--- Provided data ---
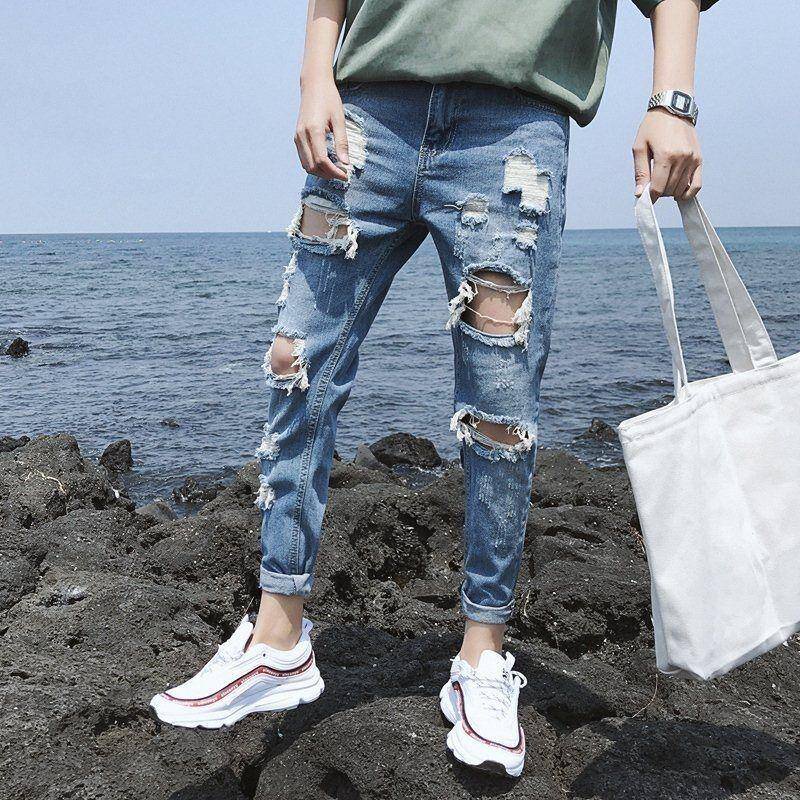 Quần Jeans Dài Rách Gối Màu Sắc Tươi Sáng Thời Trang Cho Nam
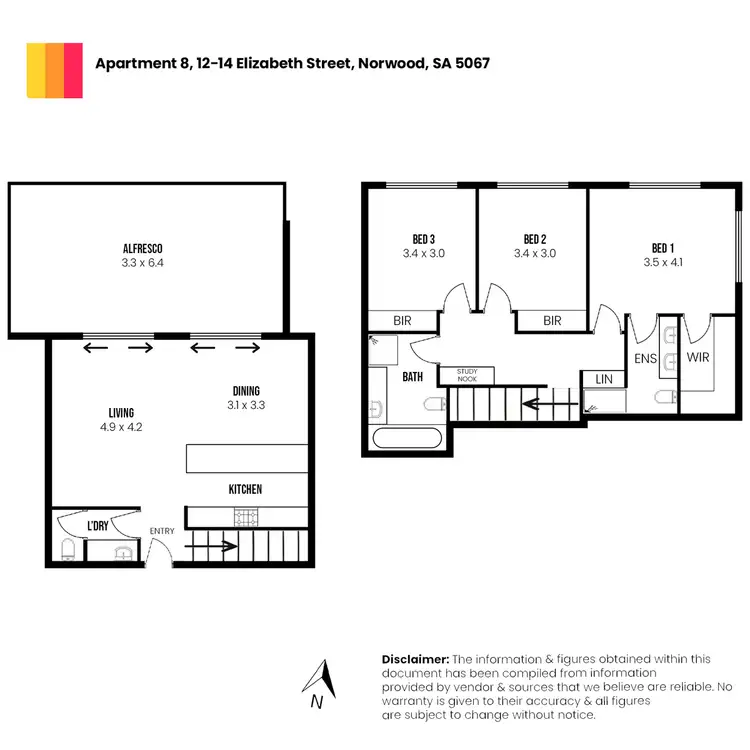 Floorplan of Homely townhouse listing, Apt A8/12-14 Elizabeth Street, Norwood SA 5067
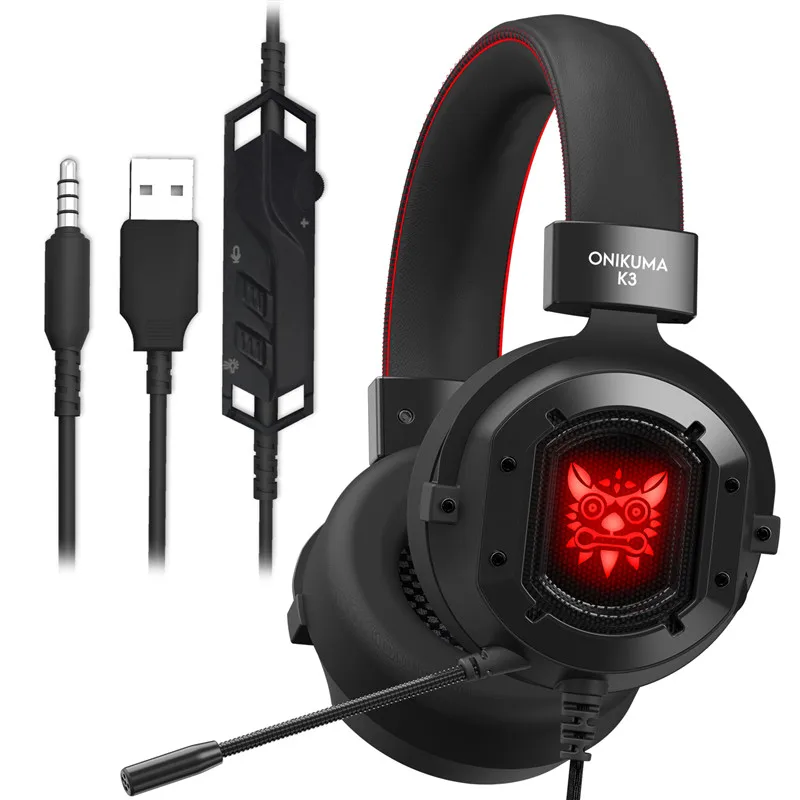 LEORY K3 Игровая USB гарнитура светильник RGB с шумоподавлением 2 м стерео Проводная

--- What is needed ---
Reproduce all of the data exactly; the pictures do not belong in the copy.

--- Answer section ---
 Quần Jeans Dài Rách Gối Màu Sắc Tươi Sáng Thời Trang Cho Nam
 Floorplan of Homely townhouse listing, Apt A8/12-14 Elizabeth Street, Norwood SA 5067
 LEORY K3 Игровая USB гарнитура светильник RGB с шумоподавлением 2 м стерео Проводная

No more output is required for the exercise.